---------- Entries supplied ----------
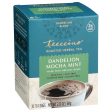 Dandelion Mocha Mint Roasted Herbal Tea Online Hot Sale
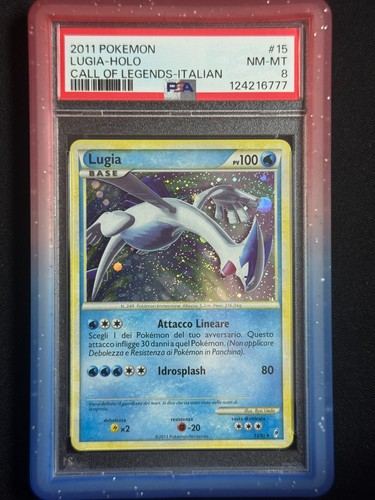 Pokemon lugia ruf der - lugia, #15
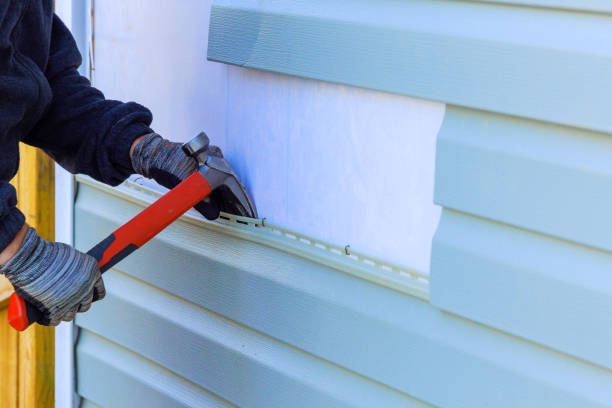 Reliable Siding Inspection contractor in Fort Thomas, KY by Squared Siding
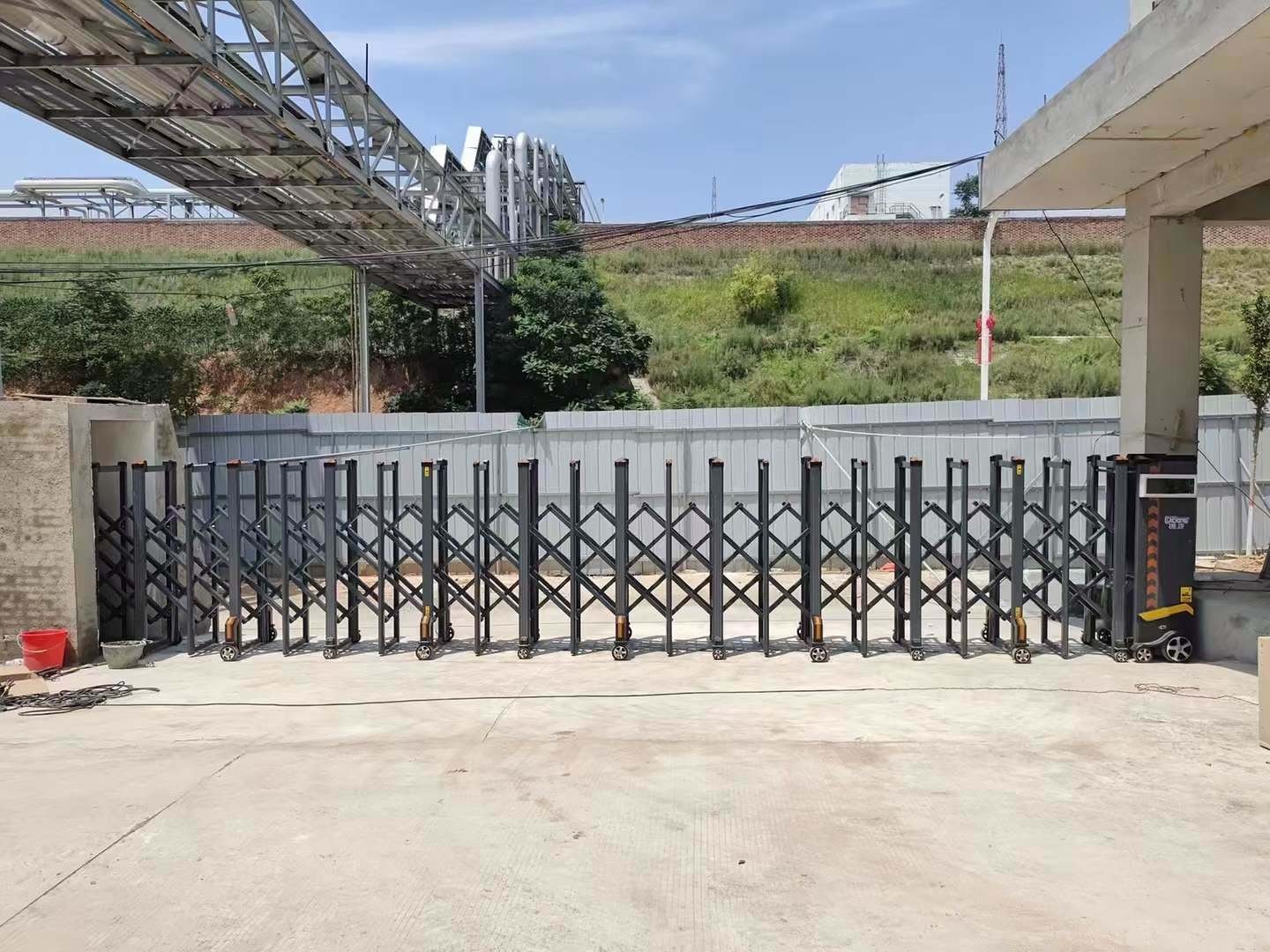 Best Retractable Automatic Gates Manufacturer Banner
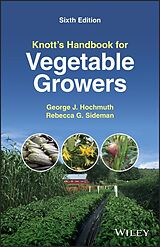 E-Book (pdf) Knott's Handbook for Vegetable Growers von George J. Hochmuth, Rebecca G. Sideman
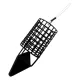 Maver Bullet Feeder 30mmx43mm Mesh 30gr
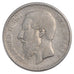 Coin, Belgium, Leopold II, Franc, 1886, EF(40-45), Silver, KM:28.2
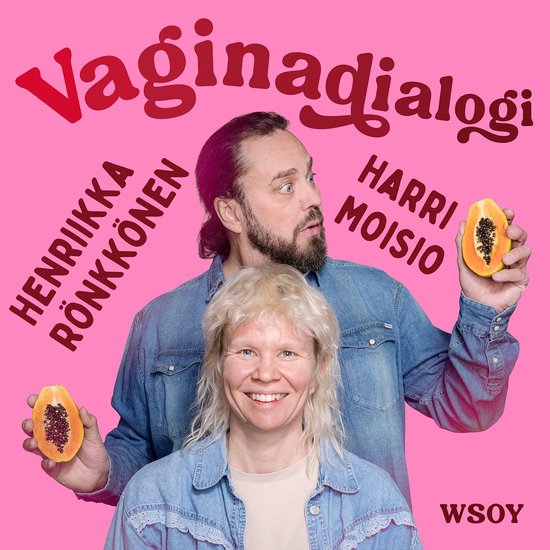 Vaginadialogi - cover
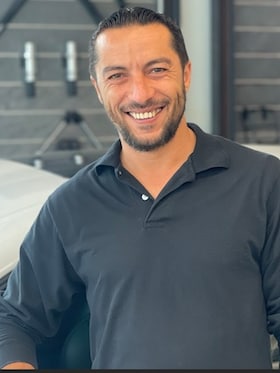 Staff member Yazan Abdallah from 6c278e7df317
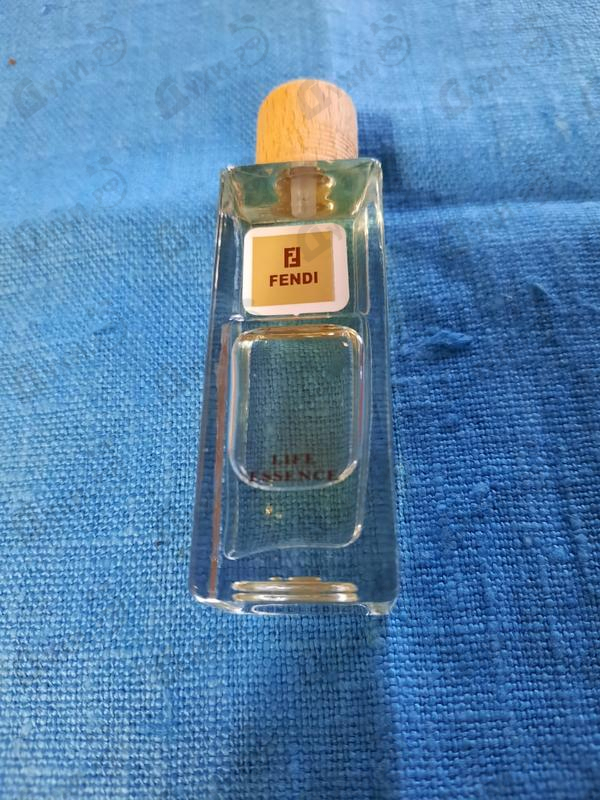 Отзыв Fendi Life Essence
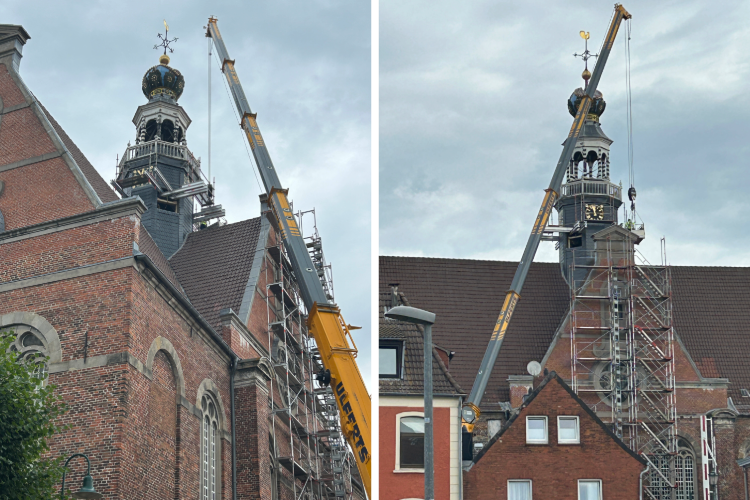 Projekt Collage erstellen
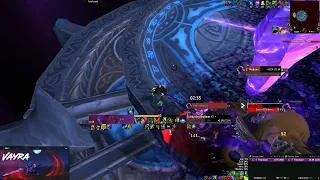 Havoc DH Mage Tower - alt Shadowlands gear consumables Legion Timewalking 9 1 5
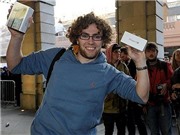 Bóng đá anh, ngoại hạng anh, lịch thi đấu euro 2012, iPhone 4S đạt kỷ lục 4 triệu máy bán ra chỉ trong 3 ngày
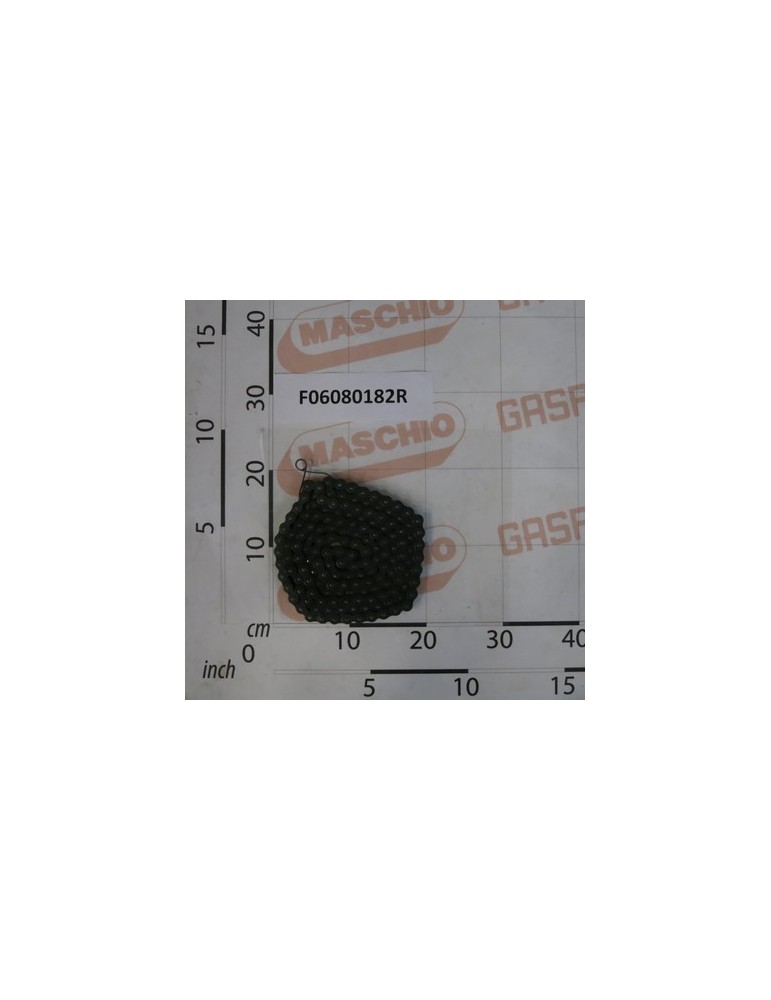 CHAIN 5/8 ASA 50 L 155 LINKS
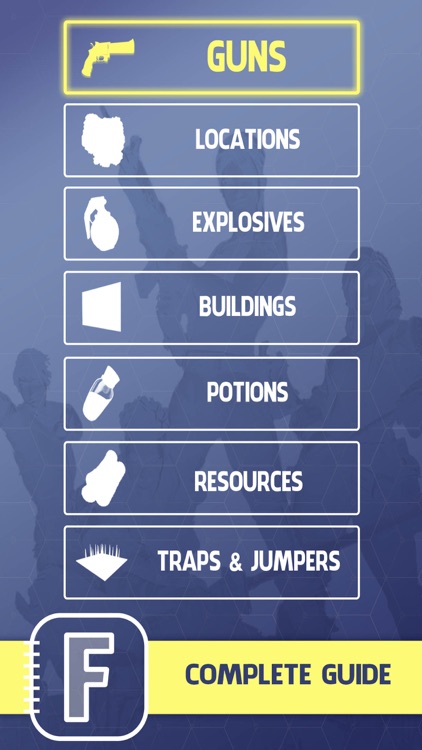 Fortguide - Guide For Fornite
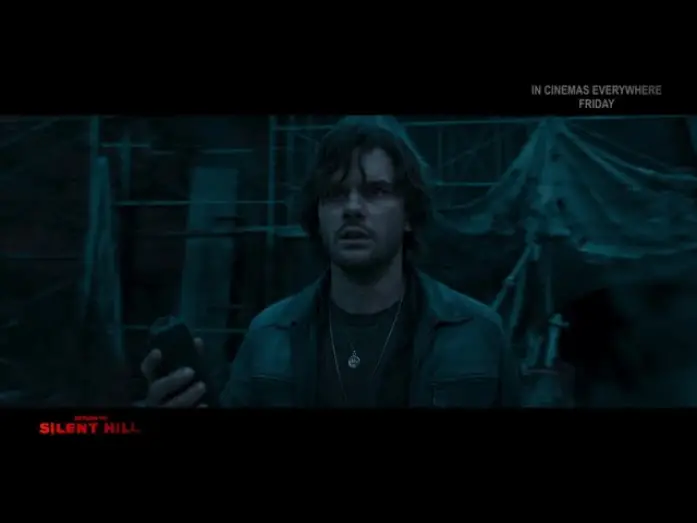 Video for the film Return to Silent Hill — Clip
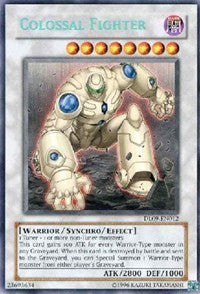 Colossal Fighter (Blue)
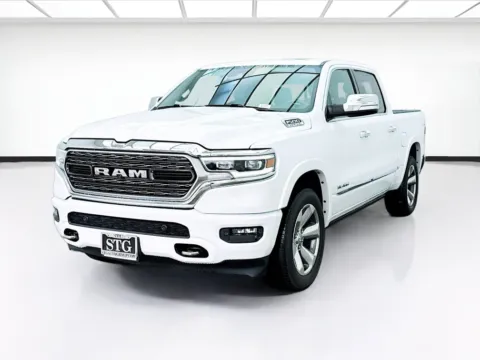 White 2020 Ram 1500 Limited for sale in Bellflower, CA
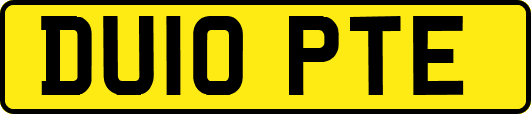 DU10PTE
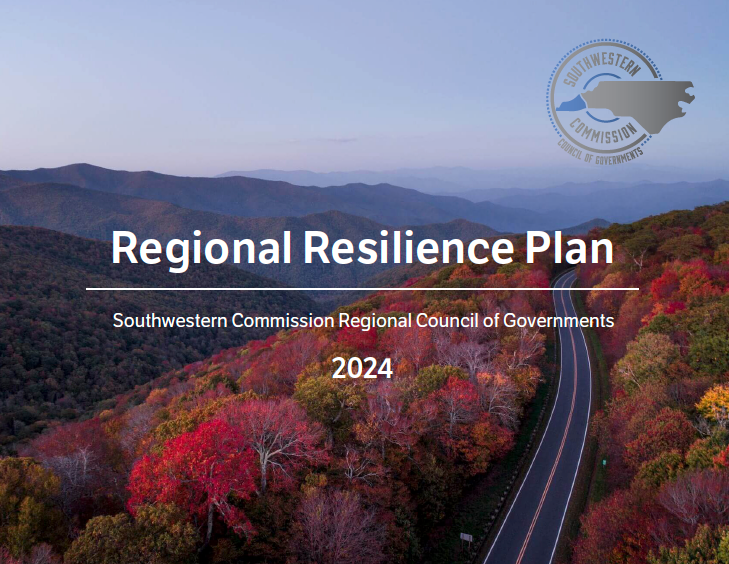 Project Wrap Up : Southwestern Commission Regional Resilience Plan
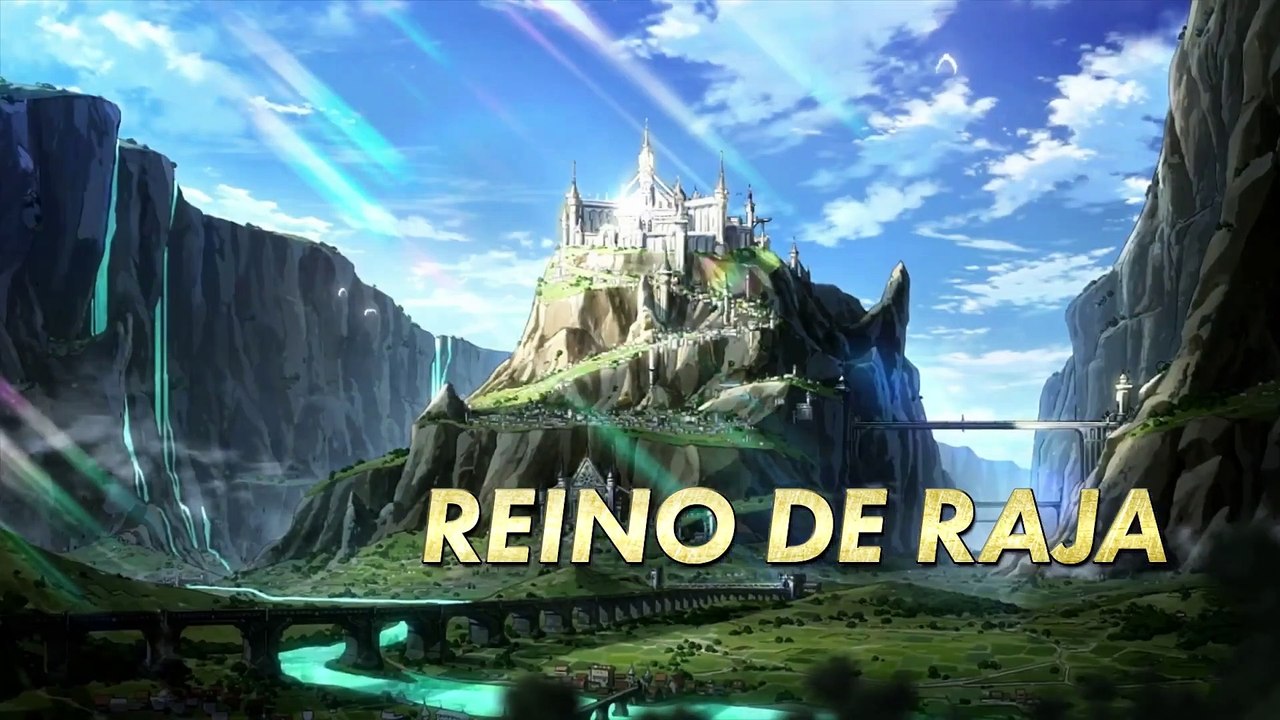 That Time I Got Reincarnated as a Slime- El Vínculo Escarlata (Tráiler Doblado)_Full-HD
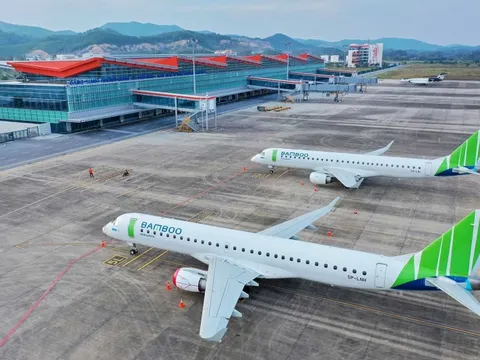 Thị trường hàng không Việt Nam phát triển nhanh thứ 5 thế giới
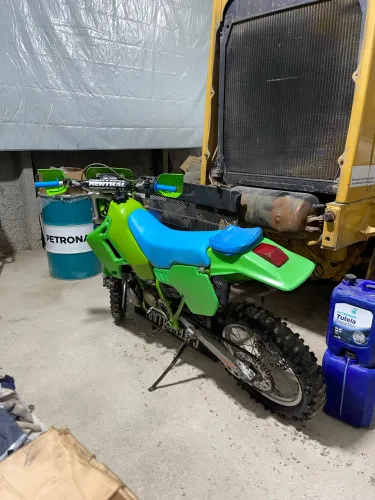 KDX 200 1992
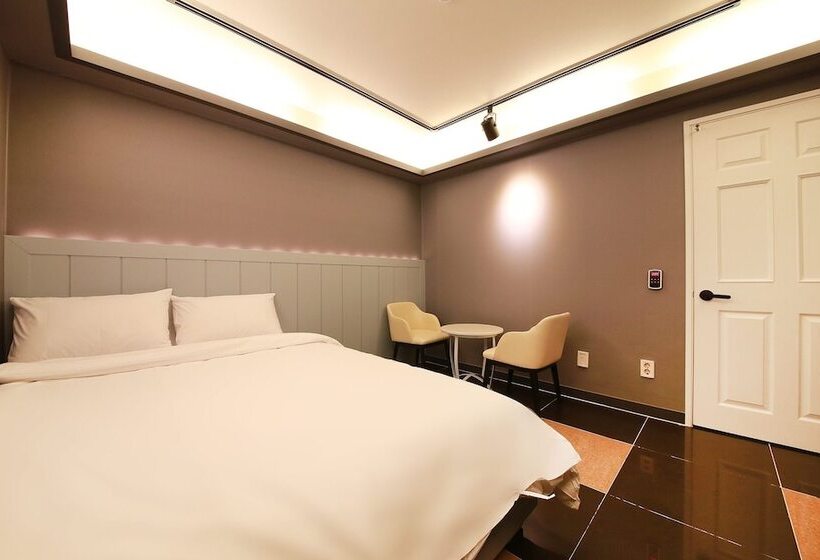 اتاق استاندارد, Incheon  Haru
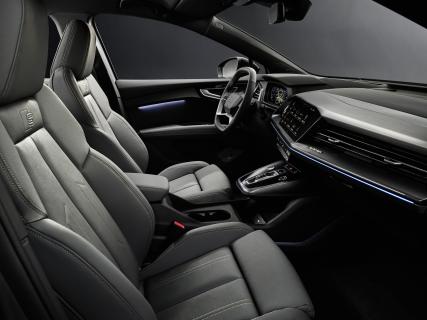 Stoelen Audi Q4 e-tron (2021)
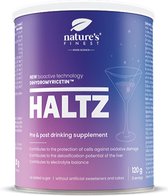 Haltz (anti hangover) - ANTI KATER drankje met DHM flavonoïden, elektrolyten en aminozuren voor herstel - Bereid je lichaam voor op het drinken en help het erna herstellen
----------
Task item: Omit the pictures, then output the rest of the listing exactly.

Written response:
 Dandelion Mocha Mint Roasted Herbal Tea Online Hot Sale
 Pokemon lugia ruf der - lugia, #15
 Reliable Siding Inspection contractor in Fort Thomas, KY by Squared Siding
 Best Retractable Automatic Gates Manufacturer Banner
 E-Book (pdf) Knott's Handbook for Vegetable Growers von George J. Hochmuth, Rebecca G. Sideman
 Maver Bullet Feeder 30mmx43mm Mesh 30gr
 Coin, Belgium, Leopold II, Franc, 1886, EF(40-45), Silver, KM:28.2
 Vaginadialogi - cover
 Staff member Yazan Abdallah from 6c278e7df317
 Отзыв Fendi Life Essence
 Projekt Collage erstellen
 Havoc DH Mage Tower - alt Shadowlands gear consumables Legion Timewalking 9 1 5
 Bóng đá anh, ngoại hạng anh, lịch thi đấu euro 2012, iPhone 4S đạt kỷ lục 4 triệu máy bán ra chỉ trong 3 ngày
 CHAIN 5/8 ASA 50 L 155 LINKS
 Fortguide - Guide For Fornite
 Video for the film Return to Silent Hill — Clip
 Colossal Fighter (Blue)
 White 2020 Ram 1500 Limited for sale in Bellflower, CA
 DU10PTE
 Project Wrap Up : Southwestern Commission Regional Resilience Plan
 That Time I Got Reincarnated as a Slime- El Vínculo Escarlata (Tráiler Doblado)_Full-HD
 Thị trường hàng không Việt Nam phát triển nhanh thứ 5 thế giới
 KDX 200 1992
 اتاق استاندارد, Incheon  Haru
 Stoelen Audi Q4 e-tron (2021)
 Haltz (anti hangover) - ANTI KATER drankje met DHM flavonoïden, elektrolyten en aminozuren voor herstel - Bereid je lichaam voor op het drinken en help het erna herstellen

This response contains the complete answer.